Now I admit I am not particularly fond of the supernatural. I dislike vampires, shape-shifters, monsters, transformers, and super-heroes. I particularly loath the current craze about the zombie apocalypse. (So sue me: I'm a historian.) Ghosts, however, are a slightly different matter. I spend a lot of time snooping around old places, and I have become convinced that ghosts -- or at least the IDEA of ghosts -- must play a fundamental role in our cultural thinking. Ghost stories serve at least two functions: they help us to understand history and they transmit cultural attitudes and traditions.
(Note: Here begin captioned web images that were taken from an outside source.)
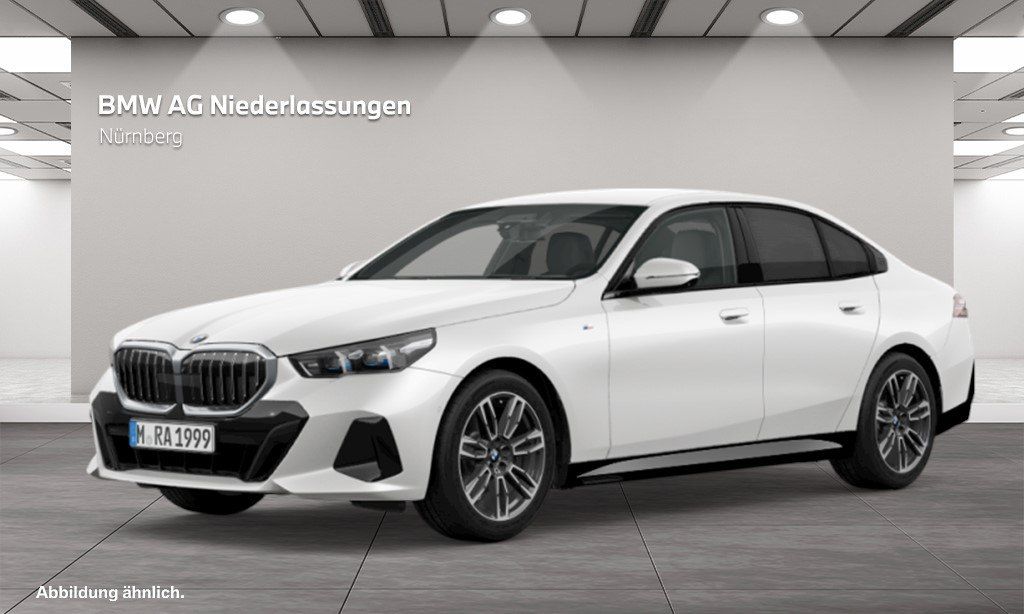 BMW 520 2025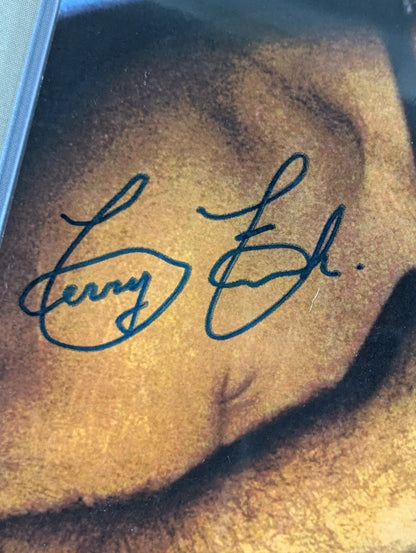 ★JSA★ Terry Funk hand signed autograph Pro-Photo 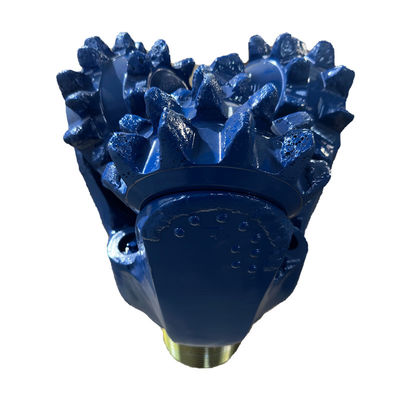 Fabrique de puissance 12 1/4 pouces IADC 127 Dent en acier Tricone Bit Pour le forage de puits d'eau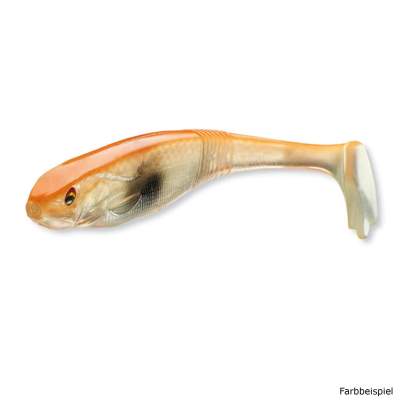 Daiwa Prorex Classic Shad 100DF ZB GP 10cm - ghost perch - 5Stück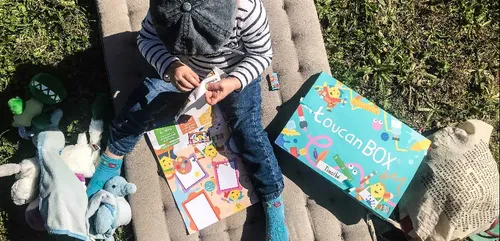 [TUTO BY TOUCANBOX] Comment réaliser une éruption volcanique ?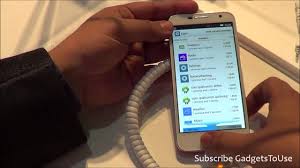 Alcatel Idol 2 Mini S Hands on, Quick ...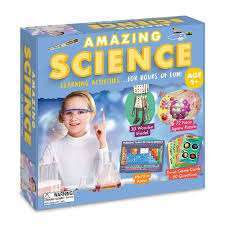 Amazing Activity Set - Science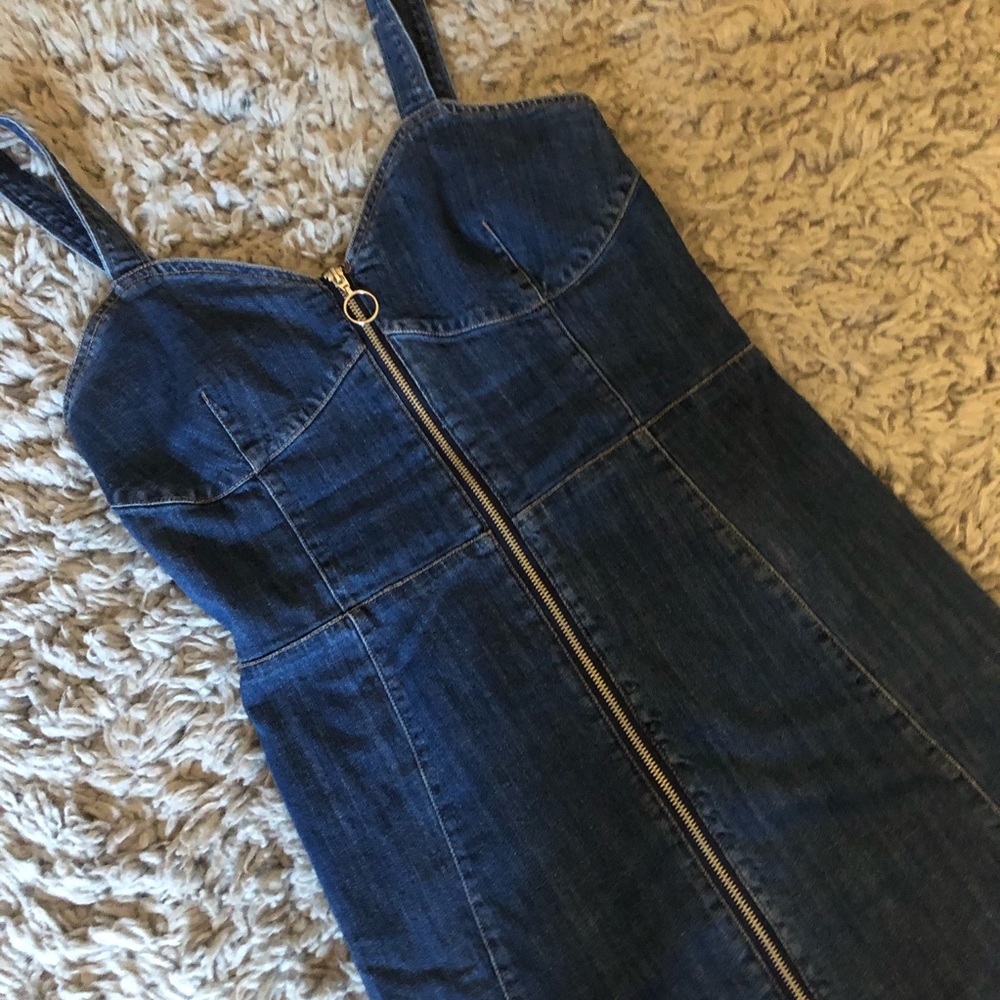 Deniem Dress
While I was still teaching, I spent several summers living in a 15th-century building on the grounds of St. John's College in Oxford, England. Oliver Cromwell had a long-standing connection to that college, and his ghost was said to haunt the building in which the library was located. College legend insisted that at night Cromwell's ghost used his severed head to go bowling in the attic above the library. Both students and faculty reported hearing the rattling as the head rolled across the attic floor. Did I ever see or hear Cromwell? No, but to be fair, the dragon-lady librarian had quit allowing anyone in the library at night. But did I believe the stories? Sure. Why not? Certainly something of his spirit lingered in those ancient halls. When my research interests switched to America's Civil War and coastal South Carolina, I discovered that I had landed in another hotbed of ghosts and ghost stories.
 An old woman, Zoe St. Amand, haunts Poogan's Porch, a delightful
Charleston restaurant on Queen Street. She and her sister lived in the
house where the restaurant is now located, but when her sister died, Zoe went mad and roamed the house
calling for her sister. She eventually had to be committed to a care
facility but "never really left the house", so the legend says
More than one waitress has met her. One declared that when she was there late at night working on the books and singing to herself, Zoe would come up behind her and sing along with her.
It's easy to understand why
servers who have heard the story believe they see her now and then.
But
when a tourist, entirely new to Charleston, looks out his window in the
Mills House Hotel, sees this old woman waving from an upstairs window
just across the street, and calls police to report that a woman is being
held captive at Poogan's Porch -- then even doubters begin to believe.
Here's the view from the Mills House on a spooky night. What do you
think? Can Zoe still be hunting her dead sister? Or is he whole thing a
publicity stunt to attract customers?